*Exercise instructions*.
Take the lines from the one with "Pemain Persebaya Surabaya" through the end of the material below and repeat them exactly, dropping every picture.

*Recorded information*.
Segment Open

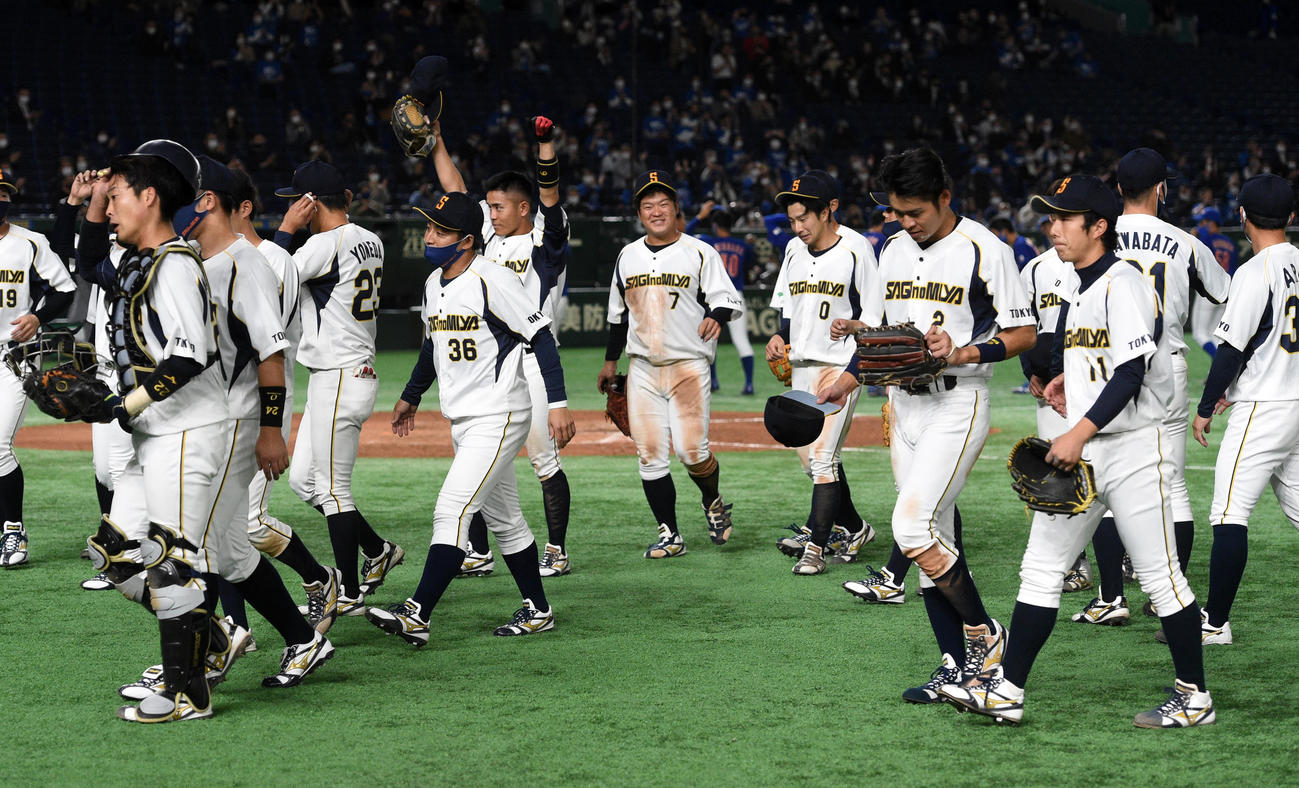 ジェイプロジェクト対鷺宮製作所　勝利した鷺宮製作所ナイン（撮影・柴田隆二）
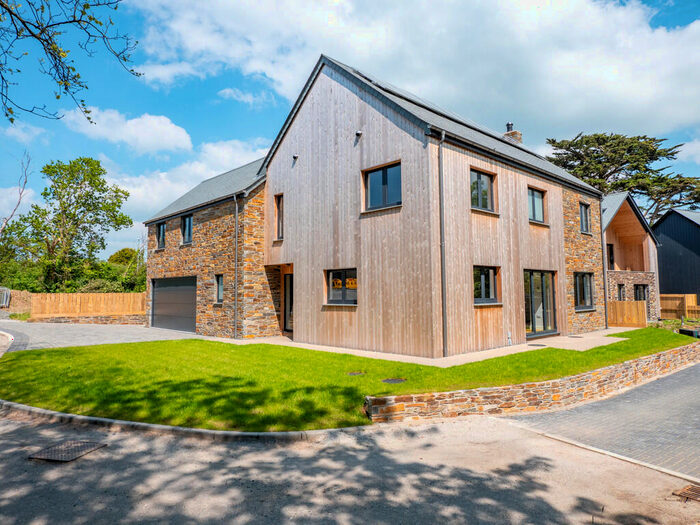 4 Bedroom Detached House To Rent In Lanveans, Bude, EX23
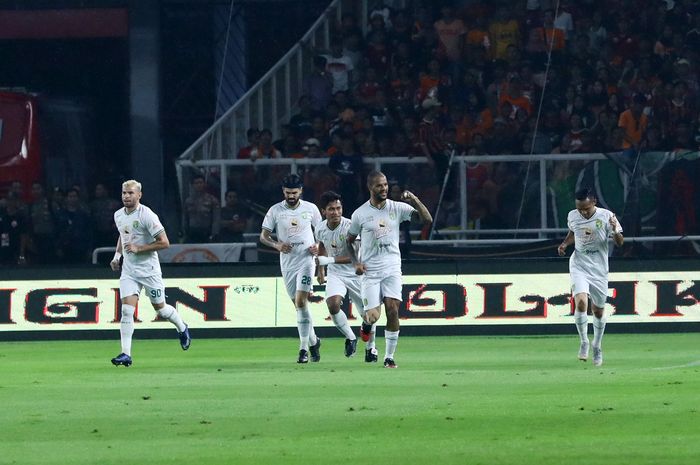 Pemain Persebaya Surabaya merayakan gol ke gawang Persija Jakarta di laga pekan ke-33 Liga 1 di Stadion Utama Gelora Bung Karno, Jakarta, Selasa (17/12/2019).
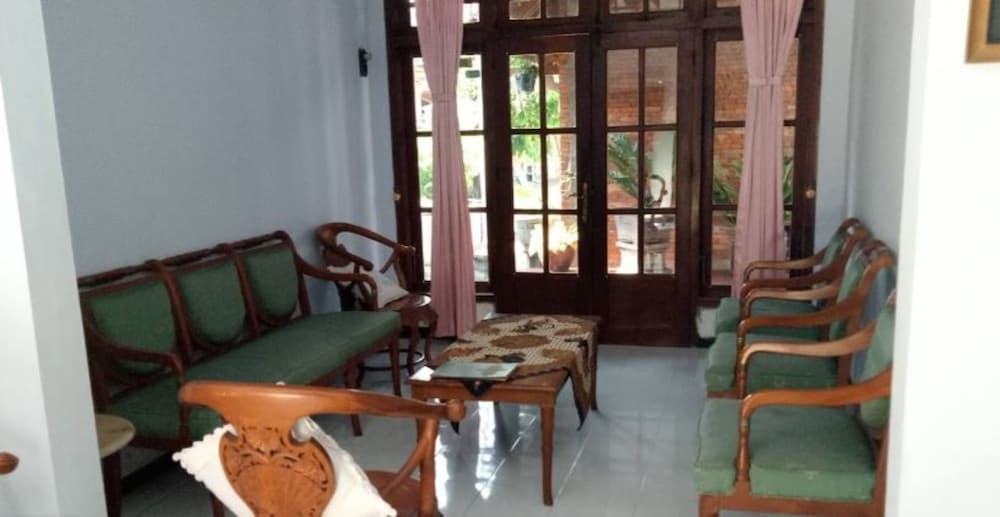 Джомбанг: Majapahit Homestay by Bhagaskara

Segment Closed

*Your response*.
 Pemain Persebaya Surabaya merayakan gol ke gawang Persija Jakarta di laga pekan ke-33 Liga 1 di Stadion Utama Gelora Bung Karno, Jakarta, Selasa (17/12/2019).
 Джомбанг: Majapahit Homestay by Bhagaskara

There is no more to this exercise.